AIM OF THE TASK — Output all records verbatim.

RECORDS FOR THE EXERCISE —
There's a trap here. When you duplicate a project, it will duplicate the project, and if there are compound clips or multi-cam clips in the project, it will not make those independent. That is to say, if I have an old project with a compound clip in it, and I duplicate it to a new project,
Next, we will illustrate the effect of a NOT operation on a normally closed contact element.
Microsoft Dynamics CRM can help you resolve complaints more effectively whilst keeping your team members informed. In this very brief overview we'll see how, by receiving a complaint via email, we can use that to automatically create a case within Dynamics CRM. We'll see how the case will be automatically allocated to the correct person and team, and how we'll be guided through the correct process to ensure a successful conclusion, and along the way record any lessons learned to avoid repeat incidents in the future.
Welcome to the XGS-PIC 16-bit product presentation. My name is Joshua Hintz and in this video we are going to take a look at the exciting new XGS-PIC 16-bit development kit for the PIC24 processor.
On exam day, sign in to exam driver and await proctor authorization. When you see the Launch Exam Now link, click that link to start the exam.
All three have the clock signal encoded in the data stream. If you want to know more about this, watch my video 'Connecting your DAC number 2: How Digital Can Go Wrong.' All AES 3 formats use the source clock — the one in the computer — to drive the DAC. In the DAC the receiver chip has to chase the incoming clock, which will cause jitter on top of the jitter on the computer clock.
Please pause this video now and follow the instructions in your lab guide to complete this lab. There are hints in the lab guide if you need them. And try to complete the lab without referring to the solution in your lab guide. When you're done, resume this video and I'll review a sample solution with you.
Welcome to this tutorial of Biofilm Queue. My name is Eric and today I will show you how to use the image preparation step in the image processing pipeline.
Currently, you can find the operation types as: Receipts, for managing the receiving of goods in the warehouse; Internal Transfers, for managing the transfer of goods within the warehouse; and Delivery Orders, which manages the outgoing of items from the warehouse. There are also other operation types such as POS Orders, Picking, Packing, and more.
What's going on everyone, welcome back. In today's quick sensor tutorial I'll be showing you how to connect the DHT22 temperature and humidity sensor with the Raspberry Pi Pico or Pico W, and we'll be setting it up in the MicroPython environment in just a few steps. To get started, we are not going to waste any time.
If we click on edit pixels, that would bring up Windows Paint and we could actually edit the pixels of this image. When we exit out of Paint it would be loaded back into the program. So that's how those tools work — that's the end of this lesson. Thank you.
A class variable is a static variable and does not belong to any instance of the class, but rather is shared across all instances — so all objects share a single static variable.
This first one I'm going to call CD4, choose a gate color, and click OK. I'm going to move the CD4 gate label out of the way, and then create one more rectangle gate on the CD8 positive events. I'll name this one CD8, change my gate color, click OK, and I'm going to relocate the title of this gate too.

EXERCISE OUTPUT —
There's a trap here. When you duplicate a project, it will duplicate the project, and if there are compound clips or multi-cam clips in the project, it will not make those independent. That is to say, if I have an old project with a compound clip in it, and I duplicate it to a new project,
Next, we will illustrate the effect of a NOT operation on a normally closed contact element.
Microsoft Dynamics CRM can help you resolve complaints more effectively whilst keeping your team members informed. In this very brief overview we'll see how, by receiving a complaint via email, we can use that to automatically create a case within Dynamics CRM. We'll see how the case will be automatically allocated to the correct person and team, and how we'll be guided through the correct process to ensure a successful conclusion, and along the way record any lessons learned to avoid repeat incidents in the future.
Welcome to the XGS-PIC 16-bit product presentation. My name is Joshua Hintz and in this video we are going to take a look at the exciting new XGS-PIC 16-bit development kit for the PIC24 processor.
On exam day, sign in to exam driver and await proctor authorization. When you see the Launch Exam Now link, click that link to start the exam.
All three have the clock signal encoded in the data stream. If you want to know more about this, watch my video 'Connecting your DAC number 2: How Digital Can Go Wrong.' All AES 3 formats use the source clock — the one in the computer — to drive the DAC. In the DAC the receiver chip has to chase the incoming clock, which will cause jitter on top of the jitter on the computer clock.
Please pause this video now and follow the instructions in your lab guide to complete this lab. There are hints in the lab guide if you need them. And try to complete the lab without referring to the solution in your lab guide. When you're done, resume this video and I'll review a sample solution with you.
Welcome to this tutorial of Biofilm Queue. My name is Eric and today I will show you how to use the image preparation step in the image processing pipeline.
Currently, you can find the operation types as: Receipts, for managing the receiving of goods in the warehouse; Internal Transfers, for managing the transfer of goods within the warehouse; and Delivery Orders, which manages the outgoing of items from the warehouse. There are also other operation types such as POS Orders, Picking, Packing, and more.
What's going on everyone, welcome back. In today's quick sensor tutorial I'll be showing you how to connect the DHT22 temperature and humidity sensor with the Raspberry Pi Pico or Pico W, and we'll be setting it up in the MicroPython environment in just a few steps. To get started, we are not going to waste any time.
If we click on edit pixels, that would bring up Windows Paint and we could actually edit the pixels of this image. When we exit out of Paint it would be loaded back into the program. So that's how those tools work — that's the end of this lesson. Thank you.
A class variable is a static variable and does not belong to any instance of the class, but rather is shared across all instances — so all objects share a single static variable.
This first one I'm going to call CD4, choose a gate color, and click OK. I'm going to move the CD4 gate label out of the way, and then create one more rectangle gate on the CD8 positive events. I'll name this one CD8, change my gate color, click OK, and I'm going to relocate the title of this gate too.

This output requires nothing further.